We discovered that the Sisters made a political statement in the opposite direction in 1830, when the Council decided “to help Simon in getting his wife free by some arrangement with her owner, & Simon.”  We are still searching for some further clue or mention of Simon or his wife.

From Council Minutes, November 9, 1830:  “Agreed to help Simon in getting his wife free by some arrangement with her owner, & Simon-“
From Council Minutes, November 9, 1830:  “Agreed to help Simon in getting his wife free by some arrangement with her owner, & Simon-“

Thanks to a researcher-intern, we discovered further evidence of just how reliant the Sisters were upon Catholic benefactors who were also enslavers in slaveholding states like Missouri in the early days.
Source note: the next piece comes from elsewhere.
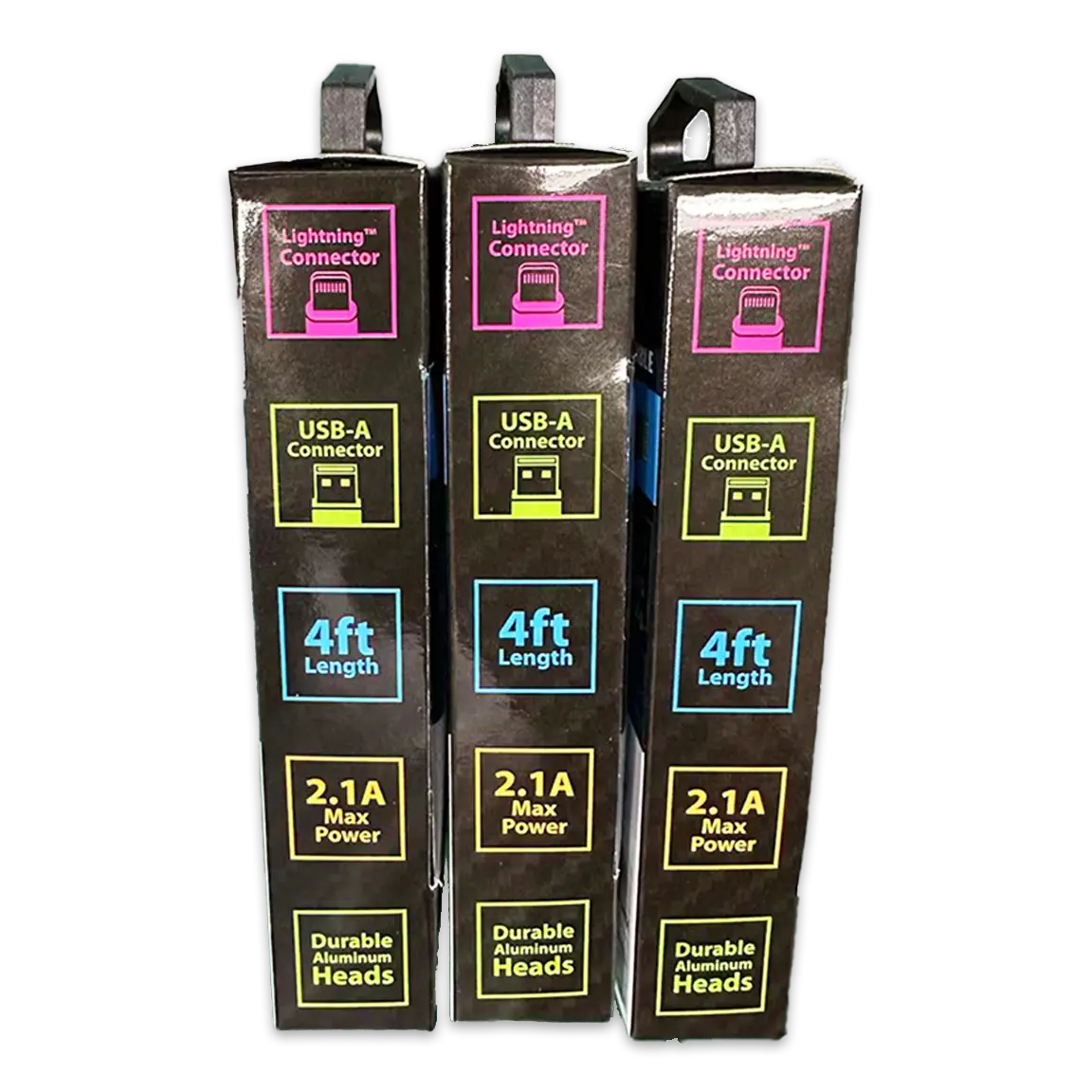 Charging Cable Carbon Fiber USB to Lightning 4FT 2.1 Amp - 3 Pieces Per Pack 24565 CAR VIBEZ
From the will of John Mullanphy, St. Louis, 1827: “I give and bequeath to the Sisters of Charity in St. Louis established on a Foundation created by me a mulatto child called Fanny, now aged about four years…to have and hold to said Sisters of Charity until she shall arrive at the age of eighteen years.  they are to learn her to read and write and treat her kindly….”
From the will of John Mullanphy, St. Louis, 1827: “I give and bequeath to the Sisters of Charity in St. Louis established on a Foundation created by me a mulatto child called Fanny, now aged about four years…to have and hold to said Sisters of Charity until she shall arrive at the age of eighteen years.  they are to learn her to read and write and treat her kindly….” (courtesy St. Louis City Recorder of Deeds)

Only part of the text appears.